Su quello che combinavano a motori spenti domina la riservatezza.
«Io ero un po’ pazzo, sempre in giro», si lascia scappare Migliorati. Niente di più.
Date da ricordare
L’8 luglio del 1984 il bresciano raccoglie l’undicesima piazza al GP del Belgio, nona tappa della stagione, corsa sul saliscendi di Spa-Francorchamps, una striscia d’asfalto di quasi 7mila metri immersa nella foresta delle Ardenne. In classifica, dietro il vittorioso Freddie Spencer, ci sono nomi anglosassoni come quelli di Randy Mamola, Eddie Lawson, Ron Haslam, Wayne Gardner e Barry Sheene, specchio della stoffa della concorrenza.
Migliorati, primo degli italiani, appende la tuta di pelle nel camper e lascia il circuito con l’ordine d’arrivo sul cruscotto. Quasi mille chilometri da percorrere. Il giorno dopo, al confine fra la Svizzera e l’Italia, viene bloccato dagli agenti della dogana per averne combinata una più grossa del solito, roba che tira in ballo giudici e tribunali.
È un epilogo sportivo immerso nella cronaca, finito sulla stampa e rimbalzato negli aneddoti di chi ricorda il moto-mondiale della vecchia guardia. Ma, per il diretto interessato, è una storia da lasciare nel cassetto, assieme alle foto osé. Meglio pensare al profumo delle salsicce grigliate nel paddock, al calore dei falò, al sibilo dei quadricilindrici a 2 tempi, al sorriso dei compagni di ventura. «E al gusto della guida. È la memoria più bella».

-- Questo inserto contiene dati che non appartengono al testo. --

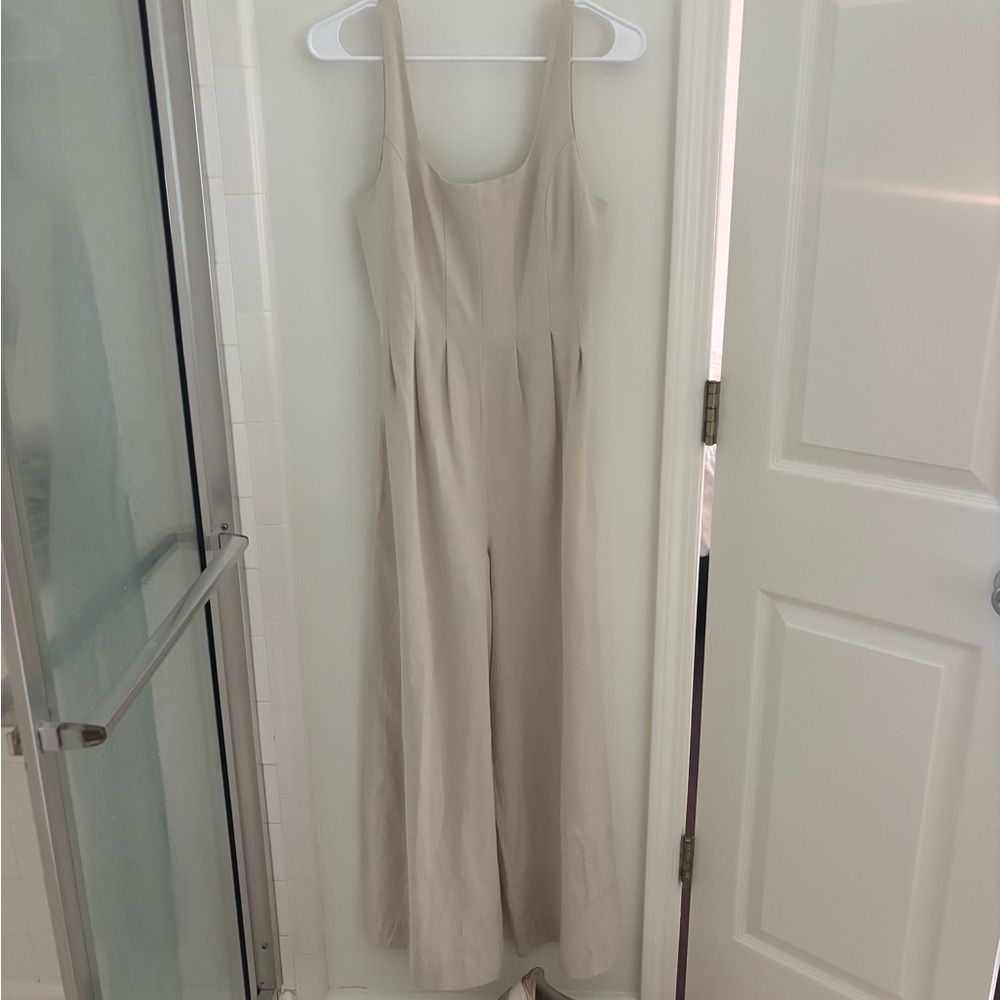 Madewell Cream Jumpsuit Chic and Versatile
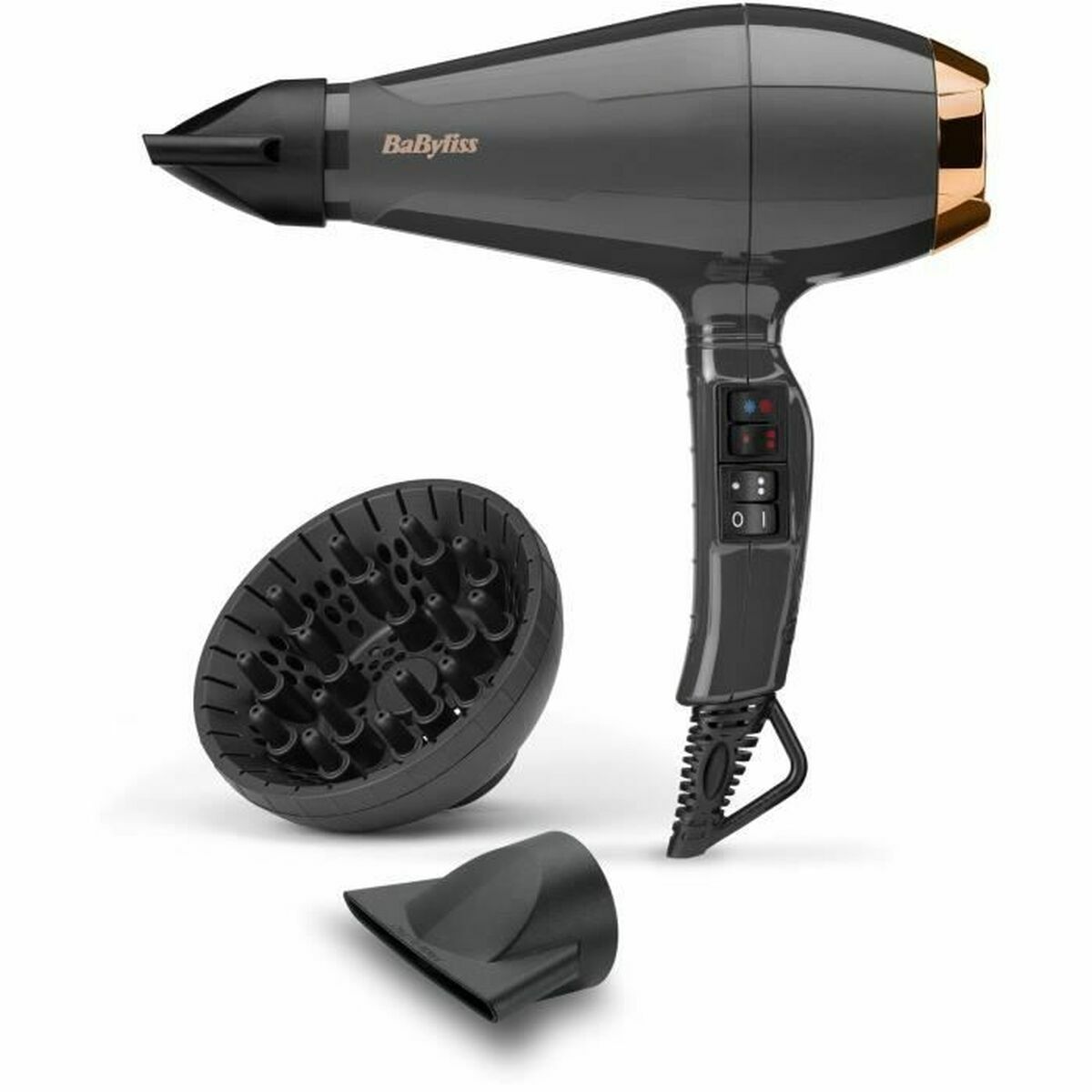 Hårtork Babyliss 6719DE Svart Grå 2200 W - 2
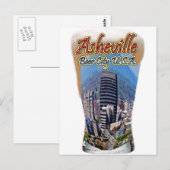 Carte Postale Asheville Beer City USA (Devant / Derrière)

Jeffrey Zani; Matteo Cavadini
MISTER 27
Stesso numero, 27, per gli anni d’età all’esordio e le fratture in carriera. Walter Migliorati si è cimentato anche nelle gare di durata, come il Bol d’Or del 1968. La squadra arrivò tredicesima. Suo figlio Cristiano ha corso nel Motomondiale dal 1994 al 1997; nel 2004 ha vinto il CIV Supersport.